Il est aussi beaucoup question au Québec du mariage, parfois difficile, entre les valeurs dominantes des sociétés occidentales démocratiques et l’intégration de personnes provenant de cultures très différentes. Depuis plus d’un an, s’est engagé un grand débat public centré sur ce que l’on désigne comme les “ accommodements raisonnables ” en faveur de minorités religieuses fondamentalistes. Ce débat est devenu aigu depuis que la Cour suprême du Canada a donné raison à un Sikh traditionaliste, établi au Québec, qui revendiquait pour son enfant le droit de porter à l’école le poignard rituel (kirpan), alors que les autres élèves se font saisir des couteaux de même dimension, et que cette arme est évidemment interdite, par exemple, dans les Cours de justice.
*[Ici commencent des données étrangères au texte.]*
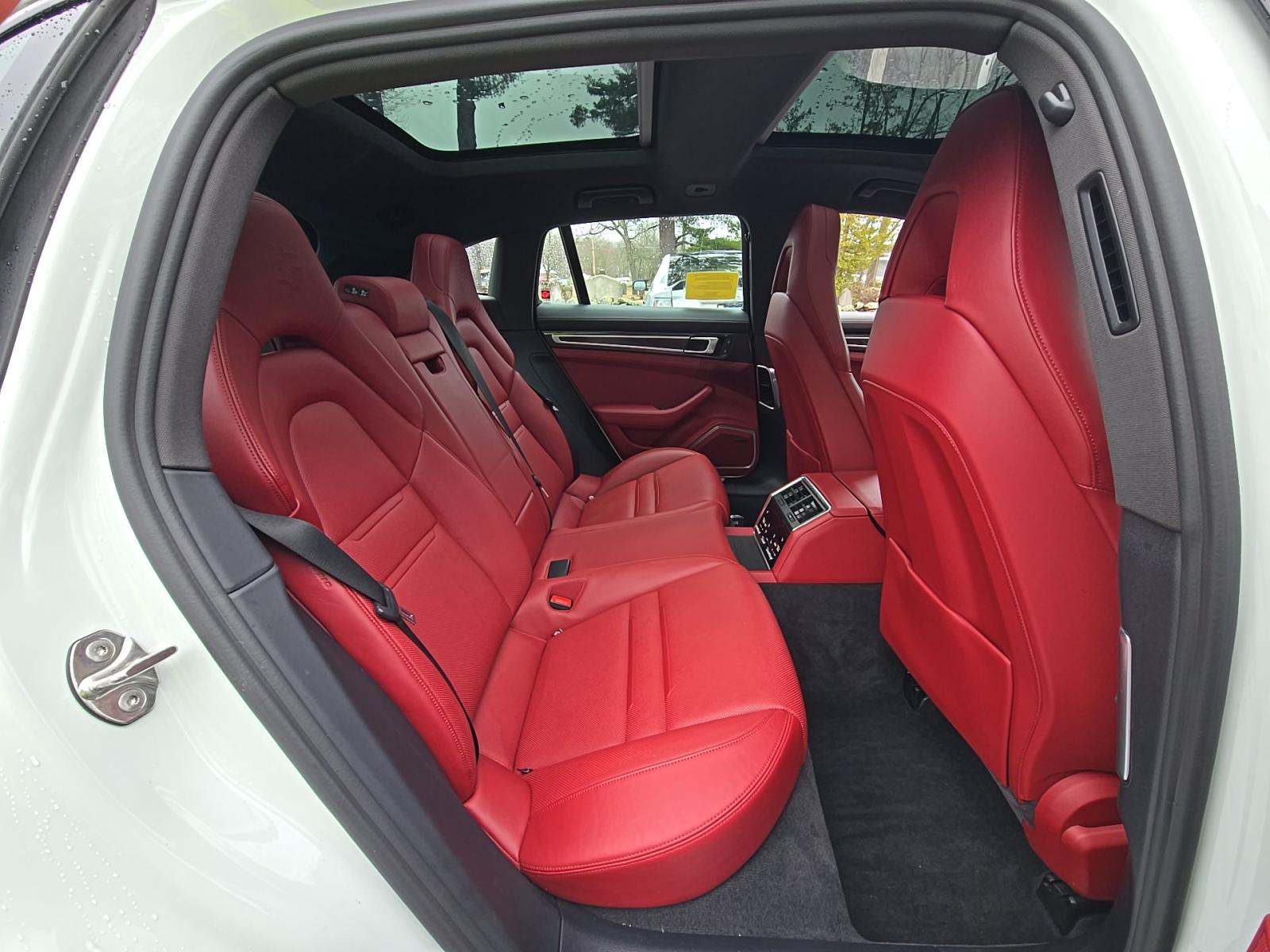 2023 Porsche Panamera 4 AWD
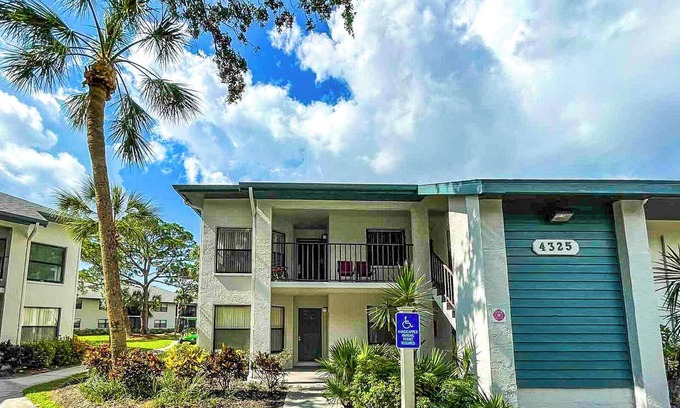 Trailer Estates Condo | Spacious Shorewalk 2B-2B Condo near AMI, Beaches & IMG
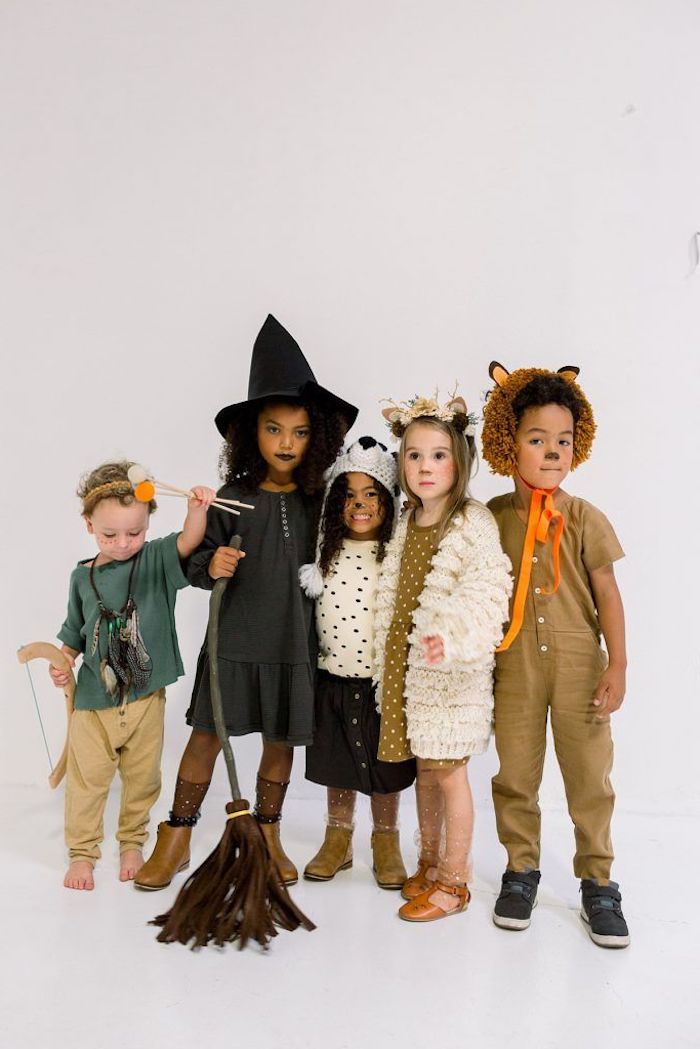 einzigartige ideen halloween kostüme für kinder hexe löwe fee verkleidung mädchen und jungs 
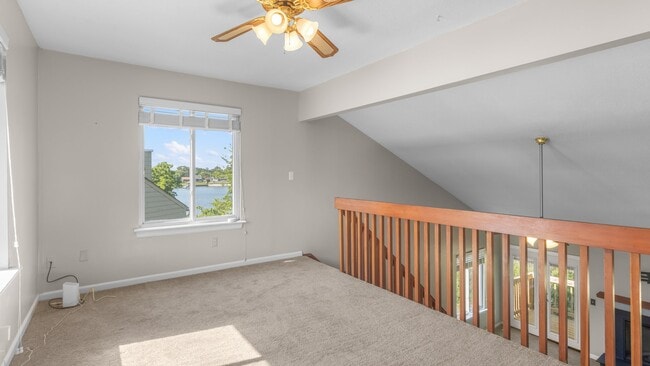 Building Photo - 9506 13th Bay St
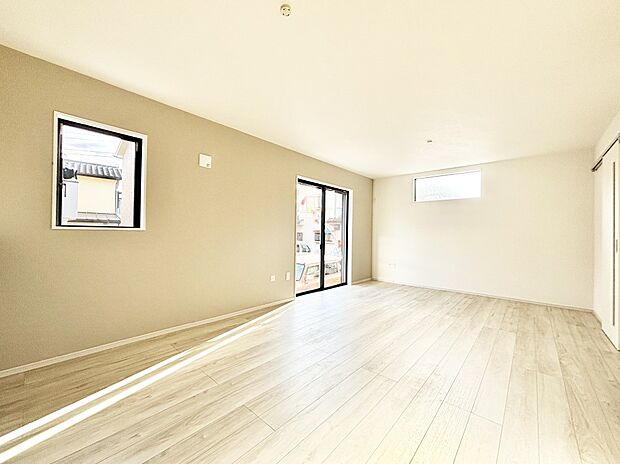 大きな窓からたっぷりの陽光と風を感じられるリビング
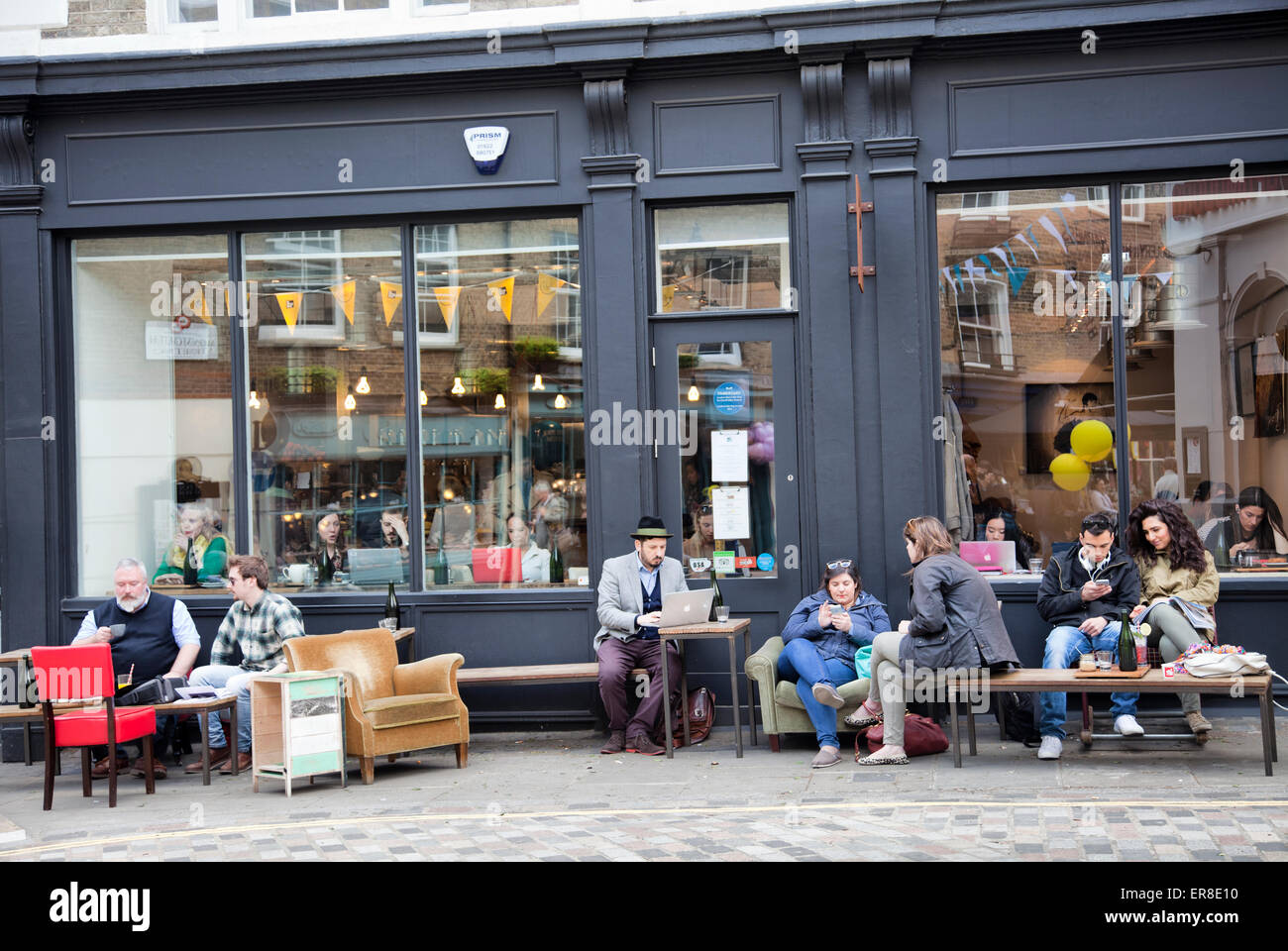 Le persone a rilassarsi con una bevanda al legname su Mercer Street - Covent Garden - London REGNO UNITO Foto Stock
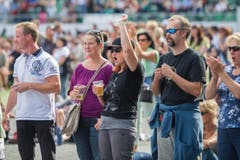 Das Publikum scheint das Konzert zu geniessen. (Bild: Urs Bucher)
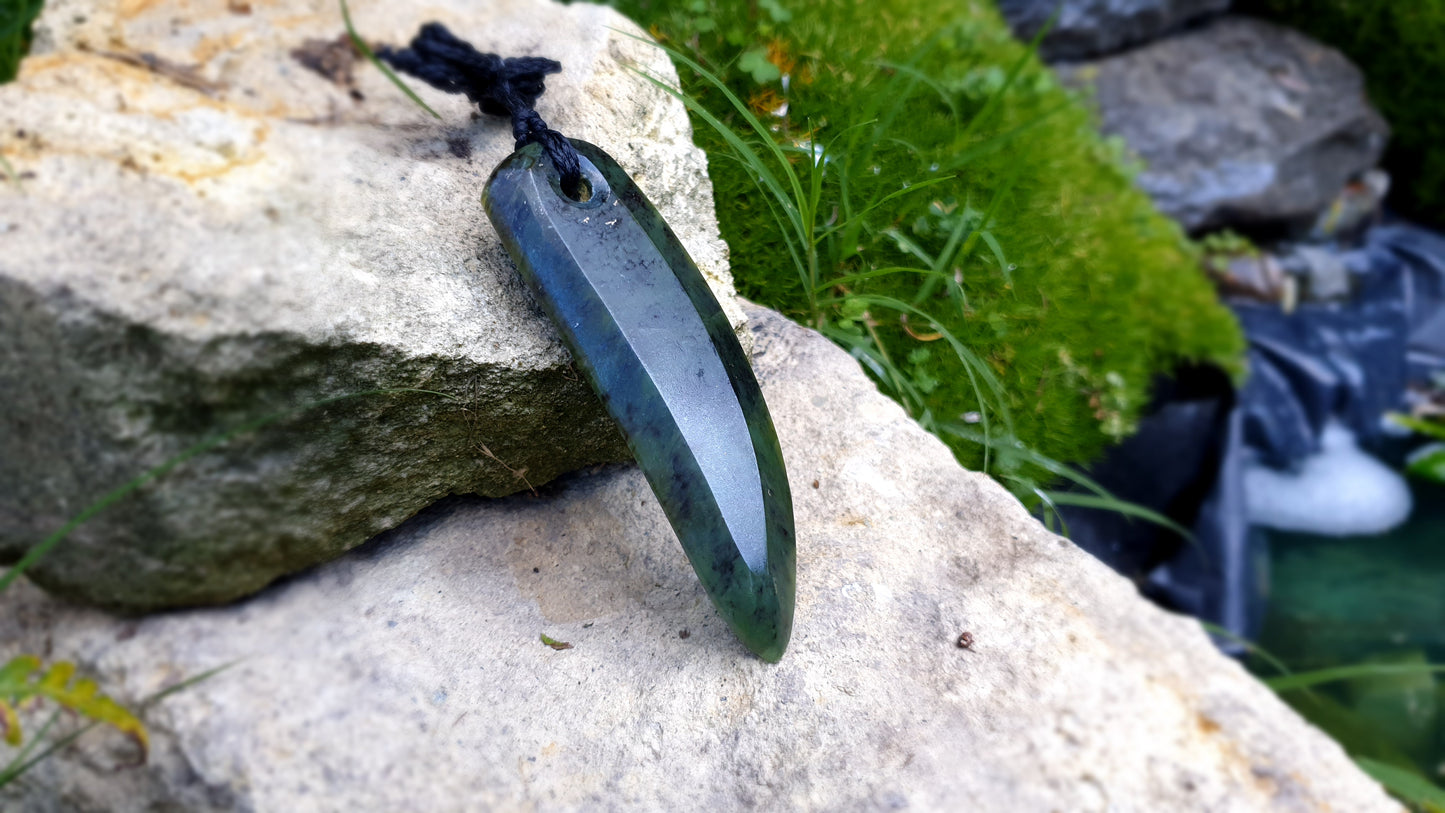 Extra Large Pounamu Niho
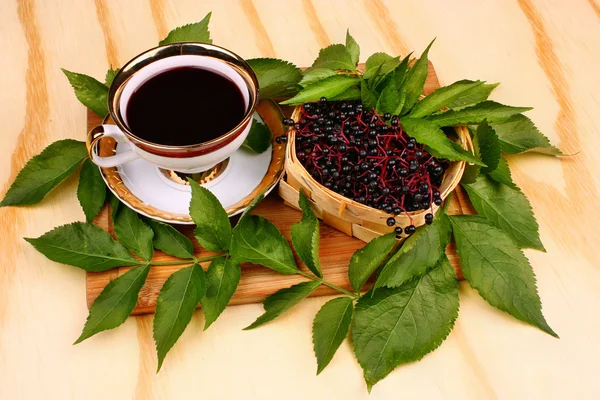 Taza fresca de té fruta saúco — Foto de Stock
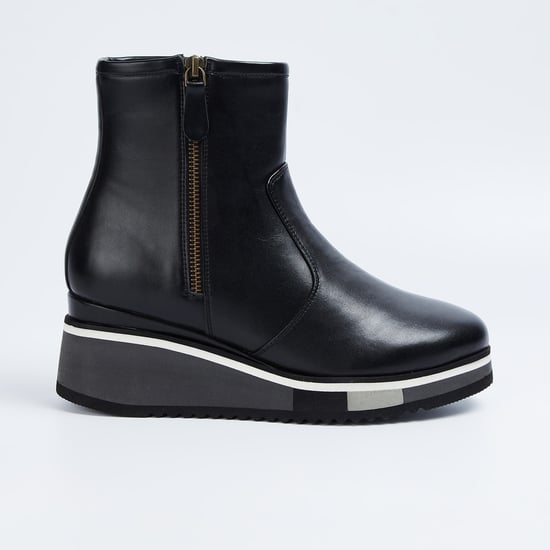 ALLEN SOLLY Solid Platformed Boots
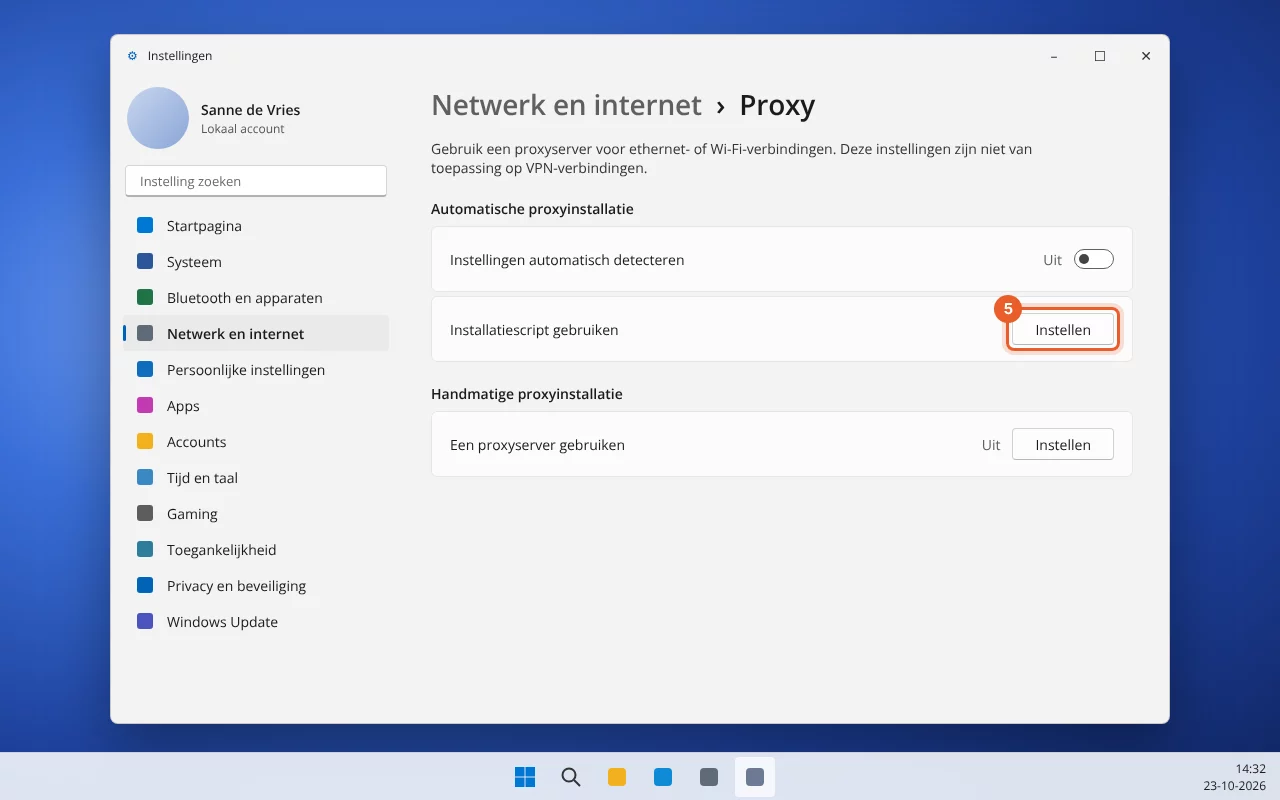 Proxy-pagina met de knop Instellen naast Installatiescript gebruiken gemarkeerd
Il se présente aussi des situations où l’égalité homme-femme est mise en échec pour des motifs religieux. Le malaise provoqué par les “ accommodements raisonnables ” est exacerbé par une quête de laïcité, unique sur le continent américain, dans une société trop longtemps soumise à l’Eglise catholique.
Le Canada et le Québec ont adopté depuis bientôt trente ans deux systèmes différents d’intégration. La politique fédérale de multiculturalisme, calquée sur le modèle britannique, fait la promotion d’un mode de diversité culturelle fondée sur l’ethnicité et renvoyant chacun à sa communauté d’origine. Le Québec a plutôt opté pour un modèle fondé sur l’interculturalisme, c’est-à-dire sur l’échange culturel dans le cadre des valeurs communes d’une nation plurielle majoritairement francophone. La contradiction entre ces deux visions est flagrante et insurmontable. L’accession du Québec à l’indépendance lèverait l’ambiguïté à laquelle les immigrants sont confrontés à leur arrivée.
Inexorablement, le Québec est inscrit dans un processus de minorisation au sein de la Fédération, puisque la population du reste du Canada croît plus rapidement. Ce phénomène se répercute sur la représentation du Québec au Parlement fédéral, proportionnellement en décroissance. Ce processus est irréversible.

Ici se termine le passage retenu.